Caden started his journey to his future. He travelled the 400 miles every week for the next three months. He was punctual and diligent. He first completed the Demartini Method™ on his perception of his father. By the time he was done this focused accelerated learning tool, he had proved to himself his relationship with his father was a perfect combination of challenge and support.
Caden told me he hadn’t noticed all the ways his father had supported him. He had been minimizing them and exaggerating the challenges. He had ignored how his most prized values of independence, creativity and determination had evolved from his relationship with his Dad.

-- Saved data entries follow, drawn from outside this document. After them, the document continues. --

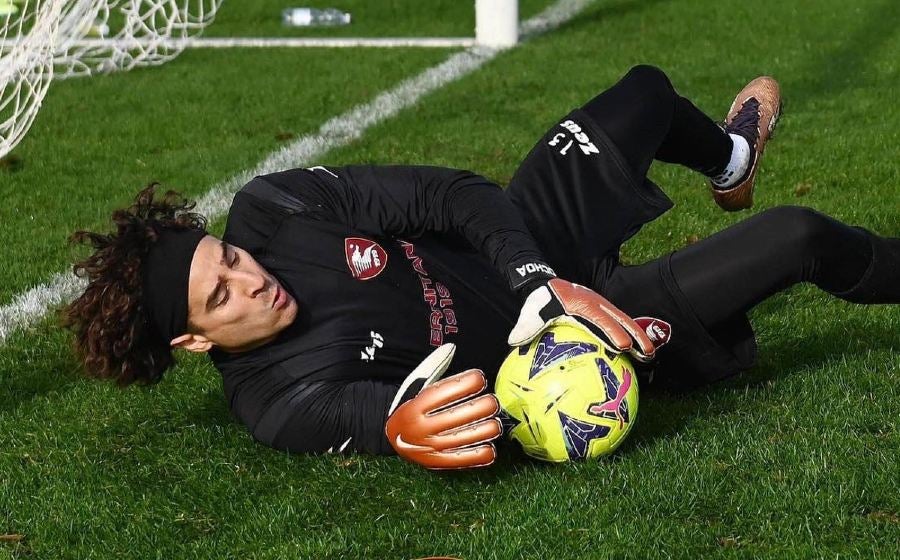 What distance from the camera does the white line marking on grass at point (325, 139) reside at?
5609mm

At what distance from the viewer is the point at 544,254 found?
4074mm

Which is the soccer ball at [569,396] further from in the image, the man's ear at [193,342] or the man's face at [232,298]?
the man's ear at [193,342]

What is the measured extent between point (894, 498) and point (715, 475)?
0.49 m

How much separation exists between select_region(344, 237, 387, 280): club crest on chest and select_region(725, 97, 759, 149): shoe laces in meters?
1.66

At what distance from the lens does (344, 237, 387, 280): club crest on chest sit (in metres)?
3.88

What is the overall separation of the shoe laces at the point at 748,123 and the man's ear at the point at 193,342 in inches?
87.7

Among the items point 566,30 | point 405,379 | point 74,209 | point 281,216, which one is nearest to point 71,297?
point 74,209

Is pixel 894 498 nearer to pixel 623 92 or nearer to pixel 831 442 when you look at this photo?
pixel 831 442

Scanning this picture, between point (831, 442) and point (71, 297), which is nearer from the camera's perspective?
point (831, 442)

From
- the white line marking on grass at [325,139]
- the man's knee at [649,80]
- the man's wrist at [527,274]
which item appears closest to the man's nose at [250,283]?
the man's wrist at [527,274]

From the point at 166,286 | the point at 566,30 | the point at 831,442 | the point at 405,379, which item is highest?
the point at 166,286

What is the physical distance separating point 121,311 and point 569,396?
52.3 inches

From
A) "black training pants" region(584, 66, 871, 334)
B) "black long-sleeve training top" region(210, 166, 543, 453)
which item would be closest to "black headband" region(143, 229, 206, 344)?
"black long-sleeve training top" region(210, 166, 543, 453)

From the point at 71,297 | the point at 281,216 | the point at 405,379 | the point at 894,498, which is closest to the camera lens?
the point at 894,498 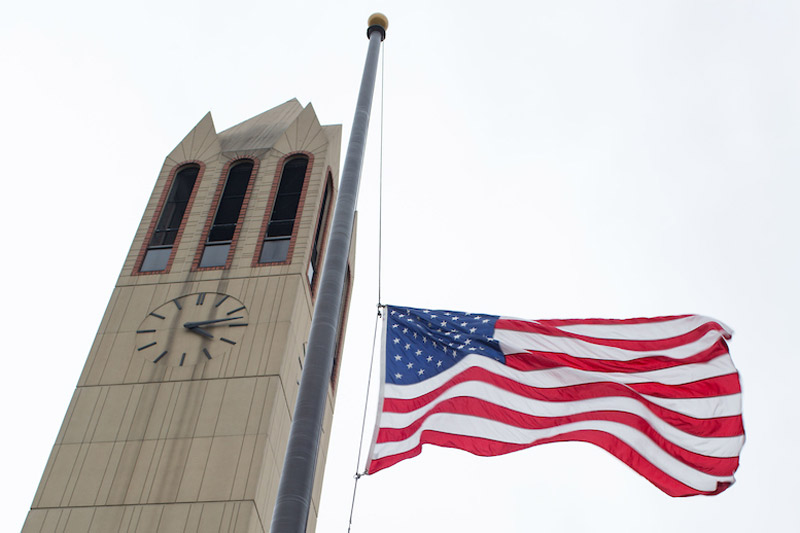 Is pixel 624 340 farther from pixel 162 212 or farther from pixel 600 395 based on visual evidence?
pixel 162 212

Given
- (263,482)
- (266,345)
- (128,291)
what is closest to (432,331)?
(263,482)

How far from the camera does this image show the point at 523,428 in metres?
13.9

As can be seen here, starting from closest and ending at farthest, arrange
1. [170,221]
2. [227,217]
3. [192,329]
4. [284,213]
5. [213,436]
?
[213,436], [192,329], [284,213], [227,217], [170,221]

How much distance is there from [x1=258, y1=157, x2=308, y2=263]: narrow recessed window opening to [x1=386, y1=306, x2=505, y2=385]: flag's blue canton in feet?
50.9

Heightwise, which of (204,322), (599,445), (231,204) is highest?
(231,204)

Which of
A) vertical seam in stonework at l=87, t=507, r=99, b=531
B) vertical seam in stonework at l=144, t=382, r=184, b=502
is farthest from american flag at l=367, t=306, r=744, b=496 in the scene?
vertical seam in stonework at l=87, t=507, r=99, b=531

Caden started referring to him as Dad, in lieu of father as his perspective broadened. Caden also used the same process on his perception of his mother, whom he had been infatuating,…noticing only her support. He discovered she had also challenged him, but in different ways than his Dad, in keeping with her values and ways of loving him.
“He wanted at least an 8/10 before he accepted his plan as achievable.”
Then, as a much more aware and appreciative person, Caden developed a detailed life plan of how he wanted to be within the next 18 months in each of the seven areas of his life.
These included: his spiritual domain; mentally how he saw himself in terms of self-esteem and self-confidence, his career, his finances, his social network, his family relationships and his physical health.
This plan included what he needed to have, in concrete terms…what he could carry in a wheelbarrow, to prove to himself he was achieving his goals. It also included specific plans of how he was going to move towards those states of being and having, he desired.
When he was done his life plan, he had listed three initial plans for each of the seven areas of his life. He had identified what he was going to do, when, where and how he was going to do it. And, he even rated each plan on a scale of 10. He wanted at least an 8/10 before he accepted his plan as achievable.
“… he also took a shot of it with his phone to ensure he didn’t lose it…”
Some examples of his plans included: career-wise, to contact the local community college; finance-wise to open a savings account; and family-wise to start contacting his Dad once a month.
When he was done, his first life plan filled a full sheet of flip chart paper. I folded it up for him to take with him. But, he also took a shot of it with his phone to ensure he didn’t lose it and could access it anytime and anywhere.
During his last session, he remarked he finally felt he had a track to follow…what he called, “a particular path to his future!”
“Obsessed by a fairy tale, we spend our lives searching for a magic door and a lost kingdom of peace.”